Friday, July 20, 2012

Breakfast Smoothie # 1 (gf, v)

  • 3 ice cubes
  • 1 can lite coconut milk
  • 1 ripe banana
  • 1 Tbsp cocoa
  • 2-3 Tbsp peanut butter
  • 1 Tbsp chai seeds (optional)
  1. Place all items in a blender, ice cubes at the bottom, and blend until smooth. 
  2. Pour into a glass and drink. 
Makes 2 breakfast smoothies.

Note: This is a high calorie, high protein breakfast smoothie for those who are very active, like long distance runners. As I'm recovering from a major illness I drink these when I'm feeling particularly weak and my body actually needs the extra energy.
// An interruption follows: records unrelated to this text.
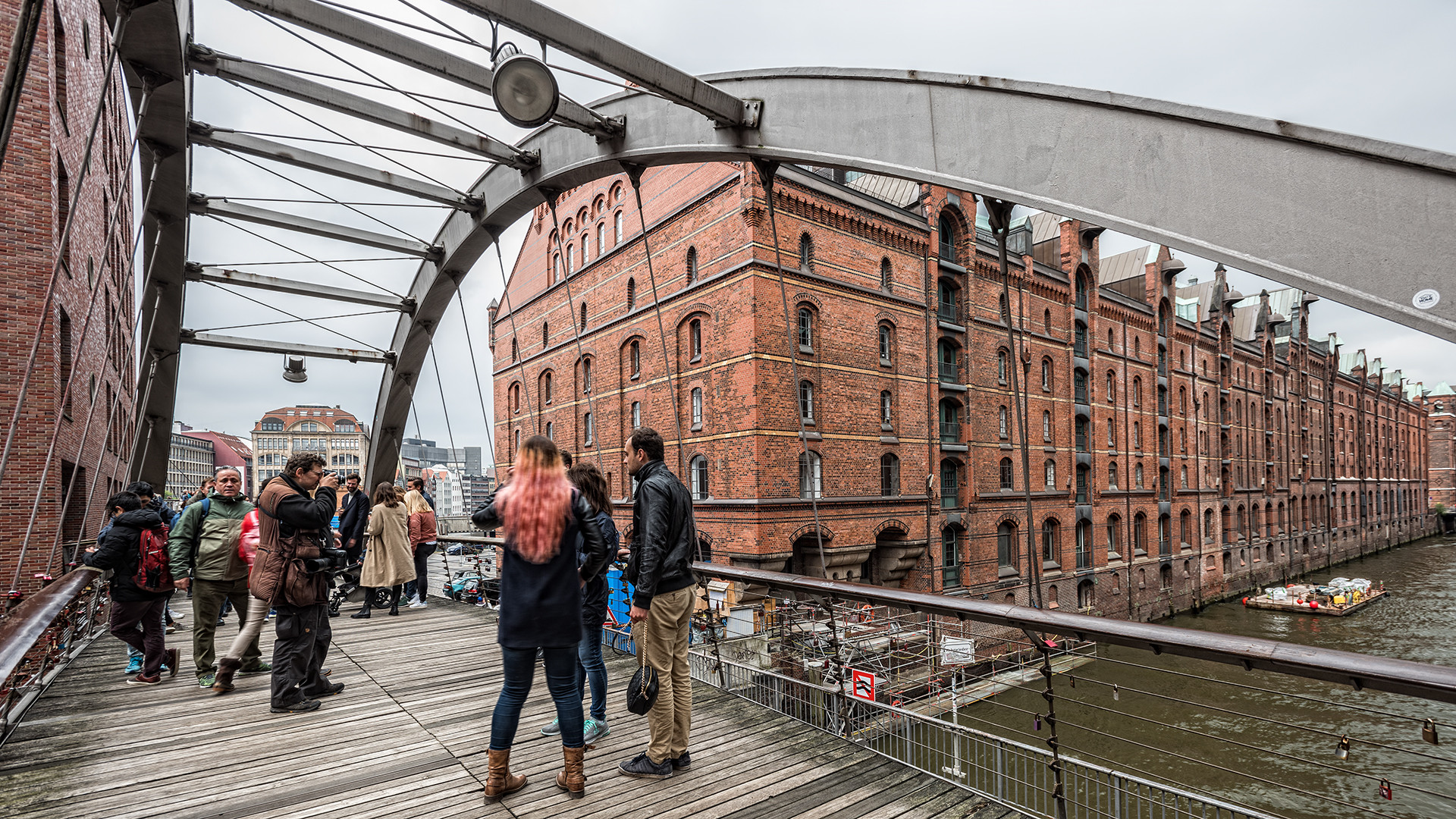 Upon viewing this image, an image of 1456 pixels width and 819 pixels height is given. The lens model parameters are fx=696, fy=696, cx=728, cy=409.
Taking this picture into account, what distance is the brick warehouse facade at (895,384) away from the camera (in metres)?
18.3

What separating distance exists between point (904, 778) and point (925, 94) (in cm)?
370

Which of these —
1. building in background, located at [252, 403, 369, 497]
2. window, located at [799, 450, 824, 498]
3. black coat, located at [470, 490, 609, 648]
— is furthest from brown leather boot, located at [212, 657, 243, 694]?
building in background, located at [252, 403, 369, 497]

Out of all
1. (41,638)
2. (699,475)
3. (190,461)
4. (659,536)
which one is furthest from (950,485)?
(190,461)

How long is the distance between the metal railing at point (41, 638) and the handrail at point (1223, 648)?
4.44 m

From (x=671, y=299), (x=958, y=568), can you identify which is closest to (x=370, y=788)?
(x=671, y=299)

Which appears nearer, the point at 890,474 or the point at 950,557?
the point at 890,474

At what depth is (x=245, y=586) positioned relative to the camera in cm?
561

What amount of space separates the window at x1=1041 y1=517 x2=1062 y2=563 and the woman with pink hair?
2464 centimetres

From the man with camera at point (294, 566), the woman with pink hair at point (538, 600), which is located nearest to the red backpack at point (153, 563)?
the man with camera at point (294, 566)

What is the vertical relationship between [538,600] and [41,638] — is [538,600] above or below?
above

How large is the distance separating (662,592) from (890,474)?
57.8 ft

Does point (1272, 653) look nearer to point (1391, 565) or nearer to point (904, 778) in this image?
point (904, 778)

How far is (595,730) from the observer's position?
422 cm

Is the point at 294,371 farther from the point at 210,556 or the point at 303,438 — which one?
the point at 303,438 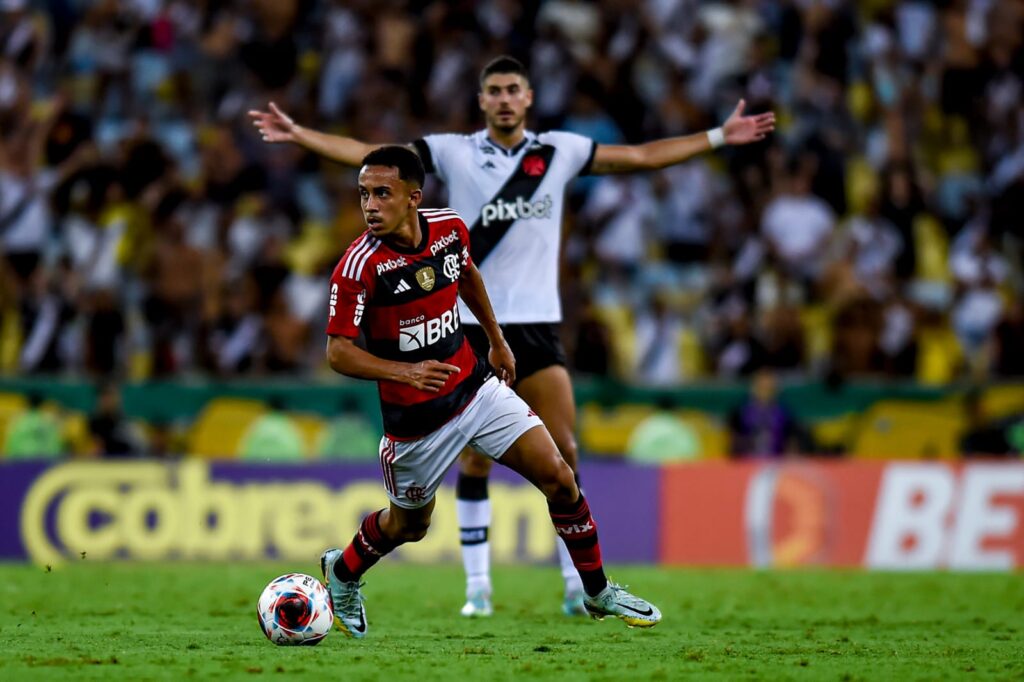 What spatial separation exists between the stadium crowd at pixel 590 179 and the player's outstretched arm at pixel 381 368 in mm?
9107

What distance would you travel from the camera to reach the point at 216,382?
18172 mm

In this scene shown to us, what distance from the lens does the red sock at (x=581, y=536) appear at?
957 cm

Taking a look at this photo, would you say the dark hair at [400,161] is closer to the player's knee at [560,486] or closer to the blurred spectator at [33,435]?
the player's knee at [560,486]

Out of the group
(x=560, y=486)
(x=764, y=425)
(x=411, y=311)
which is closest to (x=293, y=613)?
(x=560, y=486)

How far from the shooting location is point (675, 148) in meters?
10.9

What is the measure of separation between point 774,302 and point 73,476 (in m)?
8.05

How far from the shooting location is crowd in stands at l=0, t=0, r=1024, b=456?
62.0 ft

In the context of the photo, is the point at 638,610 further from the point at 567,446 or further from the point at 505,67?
the point at 505,67

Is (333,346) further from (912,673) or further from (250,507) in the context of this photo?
(250,507)

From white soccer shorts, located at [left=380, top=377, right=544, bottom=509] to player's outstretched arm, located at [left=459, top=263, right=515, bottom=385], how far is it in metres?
0.41

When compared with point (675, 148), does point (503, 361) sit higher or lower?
lower

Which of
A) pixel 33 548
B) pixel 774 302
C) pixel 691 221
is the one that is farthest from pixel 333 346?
pixel 691 221

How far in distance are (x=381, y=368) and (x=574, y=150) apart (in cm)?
280

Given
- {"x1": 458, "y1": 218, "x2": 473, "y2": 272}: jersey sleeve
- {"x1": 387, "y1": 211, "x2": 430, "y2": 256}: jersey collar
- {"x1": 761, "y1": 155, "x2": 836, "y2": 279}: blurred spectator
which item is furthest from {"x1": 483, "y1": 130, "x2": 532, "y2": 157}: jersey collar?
{"x1": 761, "y1": 155, "x2": 836, "y2": 279}: blurred spectator
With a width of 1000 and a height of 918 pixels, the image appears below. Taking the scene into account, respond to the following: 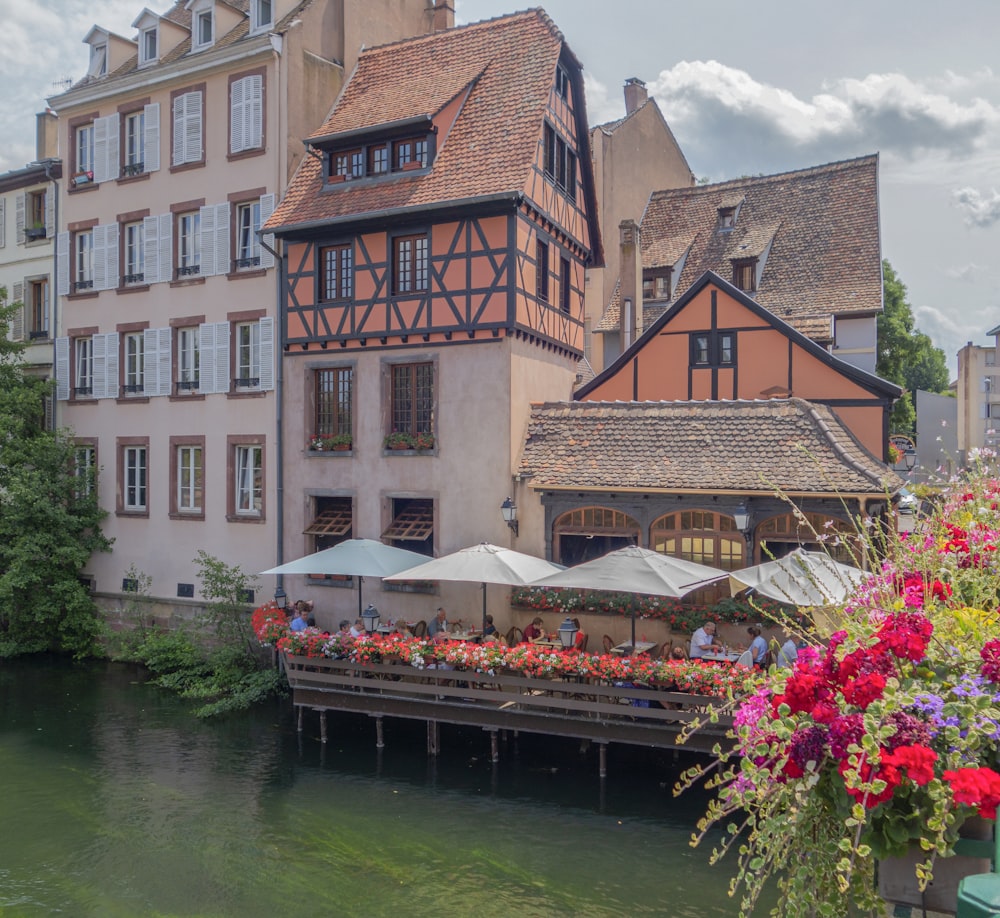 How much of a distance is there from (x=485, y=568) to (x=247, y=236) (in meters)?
10.1

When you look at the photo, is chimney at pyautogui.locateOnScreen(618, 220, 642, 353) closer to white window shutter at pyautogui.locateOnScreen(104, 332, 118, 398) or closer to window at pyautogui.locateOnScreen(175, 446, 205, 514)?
window at pyautogui.locateOnScreen(175, 446, 205, 514)

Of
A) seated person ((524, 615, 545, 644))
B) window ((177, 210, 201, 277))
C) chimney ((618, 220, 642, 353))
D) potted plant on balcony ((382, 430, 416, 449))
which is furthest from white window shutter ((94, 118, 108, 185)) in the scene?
seated person ((524, 615, 545, 644))

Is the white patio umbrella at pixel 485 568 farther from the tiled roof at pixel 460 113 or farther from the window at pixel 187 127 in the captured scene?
the window at pixel 187 127

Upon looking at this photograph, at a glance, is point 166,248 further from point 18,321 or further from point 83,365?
point 18,321

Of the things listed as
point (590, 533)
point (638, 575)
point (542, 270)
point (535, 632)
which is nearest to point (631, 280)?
point (542, 270)

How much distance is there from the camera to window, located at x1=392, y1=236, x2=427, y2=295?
1820 cm

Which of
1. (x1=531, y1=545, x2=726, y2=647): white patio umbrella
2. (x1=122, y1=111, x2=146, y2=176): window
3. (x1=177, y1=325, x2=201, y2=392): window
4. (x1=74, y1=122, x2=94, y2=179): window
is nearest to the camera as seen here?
(x1=531, y1=545, x2=726, y2=647): white patio umbrella

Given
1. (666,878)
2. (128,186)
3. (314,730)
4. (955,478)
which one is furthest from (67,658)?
(955,478)

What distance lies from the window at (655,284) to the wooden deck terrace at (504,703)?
18.4 meters

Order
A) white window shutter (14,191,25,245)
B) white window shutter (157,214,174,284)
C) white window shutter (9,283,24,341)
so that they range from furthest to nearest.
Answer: white window shutter (14,191,25,245)
white window shutter (9,283,24,341)
white window shutter (157,214,174,284)

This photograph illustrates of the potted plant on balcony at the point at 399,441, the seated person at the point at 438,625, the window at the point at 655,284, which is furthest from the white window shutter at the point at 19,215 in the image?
the window at the point at 655,284

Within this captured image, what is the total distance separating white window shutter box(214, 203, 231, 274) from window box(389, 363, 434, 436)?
16.3ft

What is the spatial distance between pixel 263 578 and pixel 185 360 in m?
5.47

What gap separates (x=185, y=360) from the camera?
70.2 feet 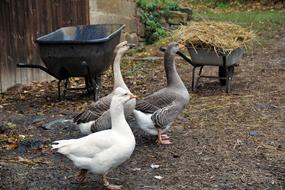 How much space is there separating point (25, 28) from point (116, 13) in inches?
130

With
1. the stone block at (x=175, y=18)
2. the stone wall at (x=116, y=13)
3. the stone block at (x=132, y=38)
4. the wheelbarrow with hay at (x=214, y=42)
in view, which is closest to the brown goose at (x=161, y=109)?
the wheelbarrow with hay at (x=214, y=42)

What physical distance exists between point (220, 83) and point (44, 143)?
159 inches

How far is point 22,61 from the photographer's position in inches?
385

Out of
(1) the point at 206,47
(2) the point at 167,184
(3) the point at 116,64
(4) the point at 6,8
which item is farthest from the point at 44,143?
(4) the point at 6,8

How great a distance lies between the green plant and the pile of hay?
4.97m

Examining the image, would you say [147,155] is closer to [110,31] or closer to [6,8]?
[110,31]

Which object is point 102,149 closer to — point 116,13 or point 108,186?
point 108,186

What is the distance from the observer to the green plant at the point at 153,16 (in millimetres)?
13695

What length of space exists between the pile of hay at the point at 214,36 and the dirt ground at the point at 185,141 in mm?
818

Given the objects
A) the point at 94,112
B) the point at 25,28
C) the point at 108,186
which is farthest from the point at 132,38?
the point at 108,186

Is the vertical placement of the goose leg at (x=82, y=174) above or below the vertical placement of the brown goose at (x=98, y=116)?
below

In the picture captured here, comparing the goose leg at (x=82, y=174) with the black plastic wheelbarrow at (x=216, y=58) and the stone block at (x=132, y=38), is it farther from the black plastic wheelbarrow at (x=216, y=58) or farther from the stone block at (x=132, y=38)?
the stone block at (x=132, y=38)

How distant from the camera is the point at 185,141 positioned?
640cm

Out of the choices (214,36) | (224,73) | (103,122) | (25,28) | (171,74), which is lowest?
(224,73)
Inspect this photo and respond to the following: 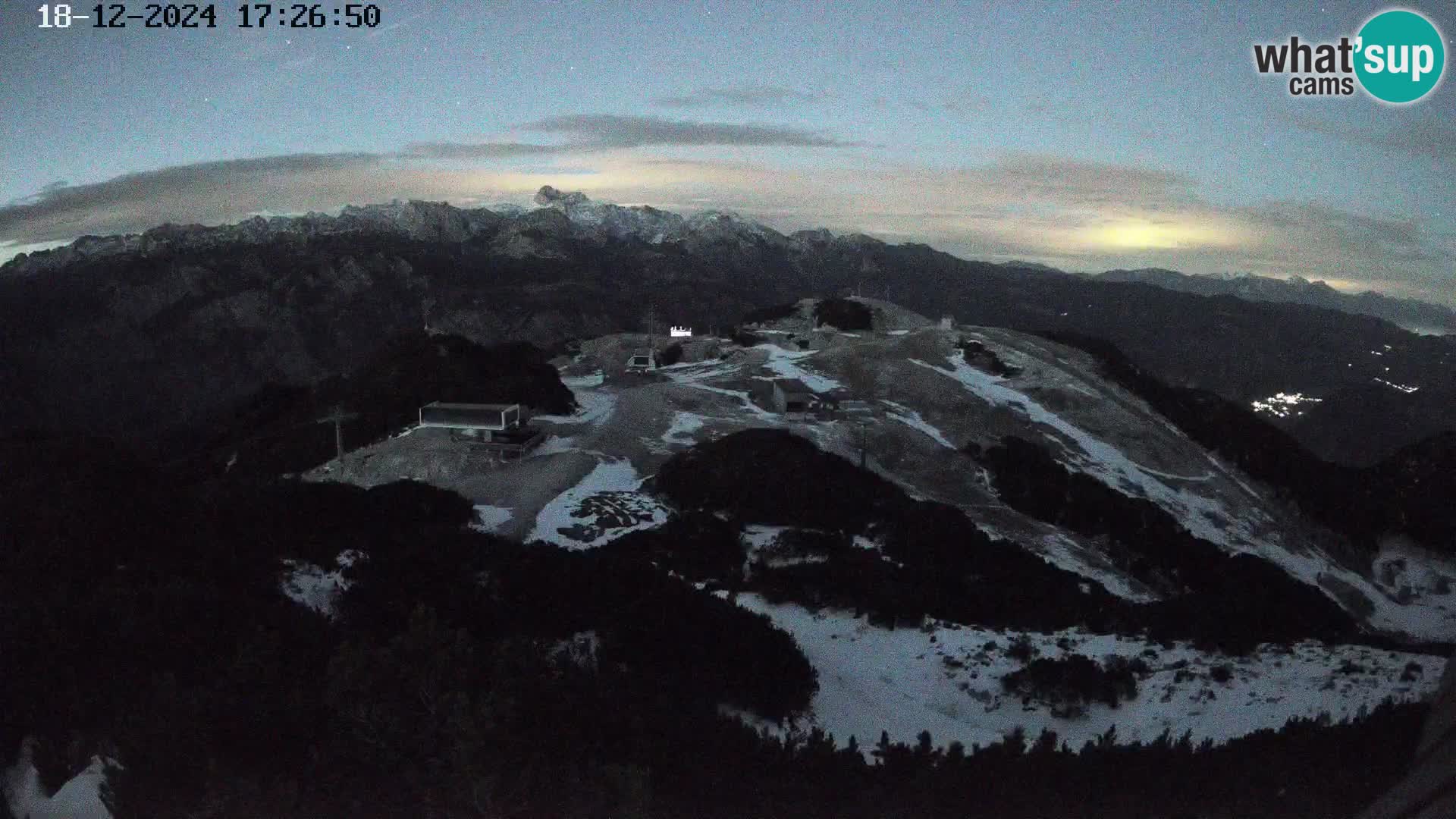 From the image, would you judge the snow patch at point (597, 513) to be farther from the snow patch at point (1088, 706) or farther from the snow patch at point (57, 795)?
the snow patch at point (57, 795)

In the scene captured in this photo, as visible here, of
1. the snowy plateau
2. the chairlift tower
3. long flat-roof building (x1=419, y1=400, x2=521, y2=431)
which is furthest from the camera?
long flat-roof building (x1=419, y1=400, x2=521, y2=431)

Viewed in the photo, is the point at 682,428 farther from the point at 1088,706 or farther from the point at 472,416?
the point at 1088,706

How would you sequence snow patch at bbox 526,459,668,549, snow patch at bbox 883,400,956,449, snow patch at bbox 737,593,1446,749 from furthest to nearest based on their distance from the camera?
snow patch at bbox 883,400,956,449 → snow patch at bbox 526,459,668,549 → snow patch at bbox 737,593,1446,749

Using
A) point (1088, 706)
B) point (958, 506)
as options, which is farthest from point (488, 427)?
point (1088, 706)

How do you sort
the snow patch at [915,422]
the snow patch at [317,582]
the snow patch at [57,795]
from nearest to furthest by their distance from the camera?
the snow patch at [57,795] → the snow patch at [317,582] → the snow patch at [915,422]

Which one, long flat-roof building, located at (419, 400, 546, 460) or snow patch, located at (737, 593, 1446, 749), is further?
long flat-roof building, located at (419, 400, 546, 460)

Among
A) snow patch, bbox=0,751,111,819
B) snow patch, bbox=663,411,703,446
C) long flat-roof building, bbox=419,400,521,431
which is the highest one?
snow patch, bbox=0,751,111,819

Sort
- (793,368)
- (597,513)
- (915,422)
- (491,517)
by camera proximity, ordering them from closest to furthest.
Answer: (491,517) < (597,513) < (915,422) < (793,368)

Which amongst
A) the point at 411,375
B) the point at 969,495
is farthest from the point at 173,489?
the point at 411,375

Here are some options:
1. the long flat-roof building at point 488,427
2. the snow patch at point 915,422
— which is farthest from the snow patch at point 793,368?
the long flat-roof building at point 488,427

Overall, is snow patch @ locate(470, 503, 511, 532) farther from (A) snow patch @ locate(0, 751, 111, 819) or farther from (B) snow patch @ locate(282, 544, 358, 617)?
(A) snow patch @ locate(0, 751, 111, 819)

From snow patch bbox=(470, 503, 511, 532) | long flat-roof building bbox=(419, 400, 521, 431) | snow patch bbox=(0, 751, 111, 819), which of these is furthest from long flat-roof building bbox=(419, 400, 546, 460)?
snow patch bbox=(0, 751, 111, 819) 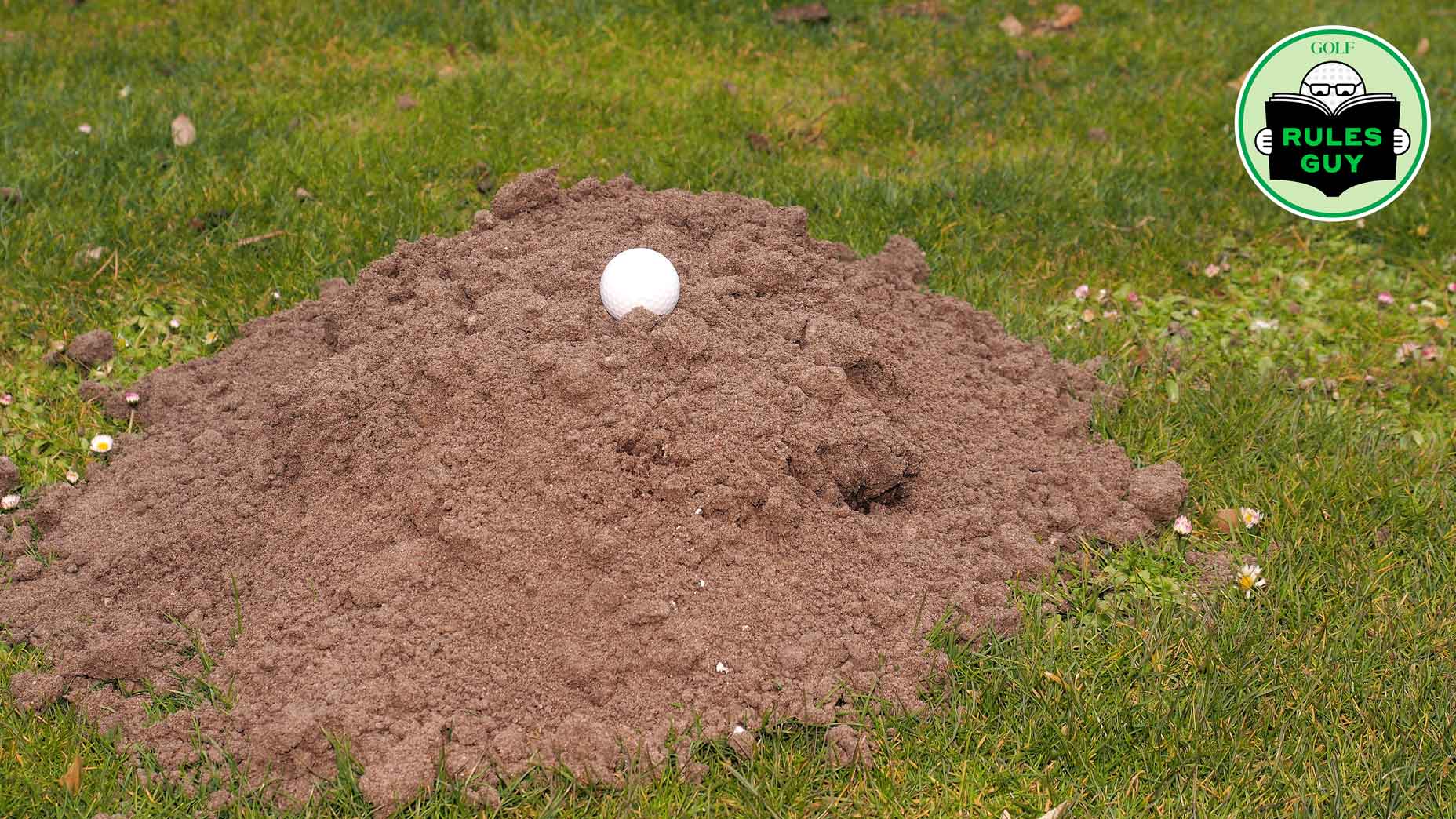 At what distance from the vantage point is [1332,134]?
5.71 metres

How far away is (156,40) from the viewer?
21.9 ft

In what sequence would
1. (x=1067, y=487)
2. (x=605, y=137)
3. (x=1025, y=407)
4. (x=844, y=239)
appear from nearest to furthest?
(x=1067, y=487)
(x=1025, y=407)
(x=844, y=239)
(x=605, y=137)

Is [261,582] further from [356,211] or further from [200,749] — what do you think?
[356,211]

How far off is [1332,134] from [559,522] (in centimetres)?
417

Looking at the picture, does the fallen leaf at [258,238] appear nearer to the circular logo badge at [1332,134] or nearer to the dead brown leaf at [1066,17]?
the circular logo badge at [1332,134]

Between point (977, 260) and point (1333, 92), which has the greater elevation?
point (1333, 92)

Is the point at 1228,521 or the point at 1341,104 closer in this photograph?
the point at 1228,521

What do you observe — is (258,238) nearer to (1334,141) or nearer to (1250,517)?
(1250,517)

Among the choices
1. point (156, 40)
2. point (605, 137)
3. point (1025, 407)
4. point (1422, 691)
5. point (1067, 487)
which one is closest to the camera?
point (1422, 691)

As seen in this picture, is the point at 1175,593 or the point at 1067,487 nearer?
the point at 1175,593

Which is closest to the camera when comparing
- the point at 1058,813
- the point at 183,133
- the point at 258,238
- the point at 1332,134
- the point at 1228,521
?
the point at 1058,813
I would not recommend this to anyone watching their weight or cholesterol as one can of even the lite coconut milk contains 250 calories and 100% of your daily saturated fat. However, this breakfast smoothie can be made healthier by substituting the coconut milk for soy milk and making sure to use a low fat, low sugar peanut butter.

Regarding the saturated fat in coconut milk, there is much debate on that issue. Some believe that as it is plant based that it is healthier and does not pose the heart health risks that other saturated fats do. Personally I'm not convinced. I do intended upon doing much greater research and posting on this debate in the near future.